Minister of Foreign Affairs Joseph Wu (吳釗燮) yesterday called Kaohsiung Mayor Chen Chi-mai (陳其邁) to inform him that the ministry would lend its support on the issue, after Chen had tried to resolve it on his own.
Wu said that Taiwan’s representative to the EU has reached out to the organization and urged it not to “denigrate Taiwan’s regional governments.”
The ministry said it has also contacted the Bonn, Germany-based International Council for Local Environmental Initiatives to ask that it change how its Web site refers to Taiwanese cities, which are listed as being in “Chinese Taipei.”
“These organizations are not under the administration of the United Nations — they are international platforms to combat climate change,” Wu said.
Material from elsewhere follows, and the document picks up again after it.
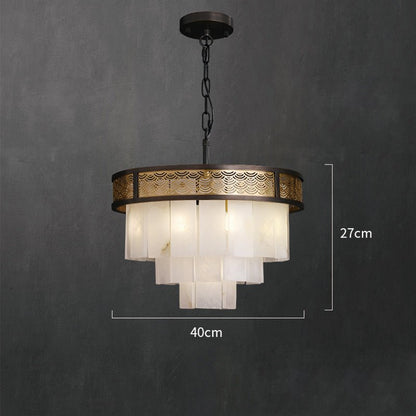 Marble Lorry Multi-layer Classic Chandelier-Nobipets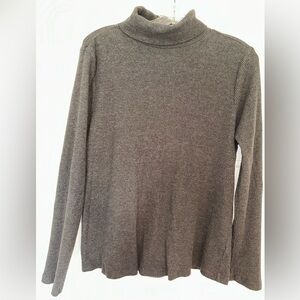 Old Navy 2X Gray Turtleneck Sweater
“The government is fully committed to protecting the nation’s name, as well as the rights of its local governments to participate in international organizations,” he said.
In other news, Wu is to warn lawmakers that China’s next “target” after Hong Kong would be Taiwan as Beijing looks for scapegoats while facing internal and external crises, according to a copy of a report sent to the legislature yesterday, which Wu is to present today.
Wu is to say that China has tried to pressure and isolate Taiwan in the international arena over the years and ramped up its pressure in the past few months as it grapples with problems at home and abroad.
The issues include strained relations with the US, sovereignty disputes in the South China Sea and a military standoff with India, the report says.
When China faces such crises, it looks for scapegoats to help consolidate the legitimacy of its one-party rule, it says.
After China in June imposed a new National Security Law on Hong Kong to take full control of the special administrative region following a year of pro-democracy protests, Beijing now sees Taipei as its next target, the report says.
In the past few months, China has continued to elevate its military coercion of Taiwan by sending warplanes into the nation’s air defense identification zone, it says.
Such incursions have not only changed the cross-Taiwan Strait “status quo,” but also pose a serious threat to peace and stability in the Indo-Pacific region, and have raised concerns in the international community, the report says.
Other challenges also exist in the region, including the nuclear threat from North Korea, sovereignty disputes in the South China Sea and China’s tightened control of ethnic autonomous regions in Tibet, Inner Mongolia and Xinjiang, it says.
In response to these challenges that threaten regional security, the foreign ministry would continue to safeguard Taiwan’s sovereignty, dignity and democratic values based on “steadfast diplomacy” to promote the nation on the world stage, the report says.